We found a couple of issues (this is what tests are for). It seems that the routing refactor (which is ongoing) has probably caused this issue. What we have seen is requests with no reply, which points to routing or at least the network. We will now confirm this specifically. To resolve that, what we will do immediately is
1: We will stop this current TEST7 network for now.
2: Backport routing to latest stable + a few cherry picked fixes.
3. Randomise the bootstraping of clients. They were ddosing the seed nodes, basically as all nodes were bootstrapping from only the first few nodes, which was a bug.
So we will keep all the client code as is (it will need recompiled with crust/routing though) and continue to test the client code (safe_core/launcher/demo_app). I am happy about that as those guys worked through the night for this test to happen. They deserved their sleep.
So we will restart this network as TEST7b and not give out vaults initially. This will allow the test of all the new client code to continue. We will then issue vaults after a short time to just check this was a routing issue (With lots of smaller nodes).
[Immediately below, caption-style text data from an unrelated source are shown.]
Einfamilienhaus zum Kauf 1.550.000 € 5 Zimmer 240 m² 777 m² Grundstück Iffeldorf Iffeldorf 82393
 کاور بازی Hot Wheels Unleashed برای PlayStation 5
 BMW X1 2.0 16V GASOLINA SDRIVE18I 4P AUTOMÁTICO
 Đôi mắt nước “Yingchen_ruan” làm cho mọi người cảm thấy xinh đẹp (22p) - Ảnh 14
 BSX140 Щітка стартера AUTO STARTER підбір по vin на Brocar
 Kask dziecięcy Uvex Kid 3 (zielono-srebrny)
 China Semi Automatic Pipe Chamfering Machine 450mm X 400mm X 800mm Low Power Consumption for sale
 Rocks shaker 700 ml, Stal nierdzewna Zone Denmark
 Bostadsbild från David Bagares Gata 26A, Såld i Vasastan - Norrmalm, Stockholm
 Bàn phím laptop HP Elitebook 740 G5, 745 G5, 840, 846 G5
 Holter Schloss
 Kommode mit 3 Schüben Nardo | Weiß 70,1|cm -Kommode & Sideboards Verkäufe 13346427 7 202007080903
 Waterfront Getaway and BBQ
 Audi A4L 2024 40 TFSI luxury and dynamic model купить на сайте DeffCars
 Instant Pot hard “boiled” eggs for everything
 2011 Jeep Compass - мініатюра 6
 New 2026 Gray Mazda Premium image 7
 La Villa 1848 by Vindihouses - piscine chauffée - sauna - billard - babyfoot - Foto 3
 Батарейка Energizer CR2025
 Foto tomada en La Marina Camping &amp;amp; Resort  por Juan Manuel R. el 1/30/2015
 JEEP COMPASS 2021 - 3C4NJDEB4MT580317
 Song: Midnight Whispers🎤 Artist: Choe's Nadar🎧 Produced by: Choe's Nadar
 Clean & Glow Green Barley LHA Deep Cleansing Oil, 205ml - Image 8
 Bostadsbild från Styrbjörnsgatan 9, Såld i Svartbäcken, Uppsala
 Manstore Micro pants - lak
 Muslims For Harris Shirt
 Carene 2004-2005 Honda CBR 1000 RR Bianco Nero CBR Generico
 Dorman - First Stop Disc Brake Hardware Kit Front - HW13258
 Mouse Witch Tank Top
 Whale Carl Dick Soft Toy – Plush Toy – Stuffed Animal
As this happens it lets the team, who are mostly working in routing refactor to continue and get that completed and allow us to get the routing table changes and data chains in place much sooner. This is something we do not want to push back.
Life in the fast lane at the bleeding edge Seriously though we said we will roll out as fast and often as possible and we will continue to. It’s critical to success.
Thanks again folks , hopefully you will get the clients back today.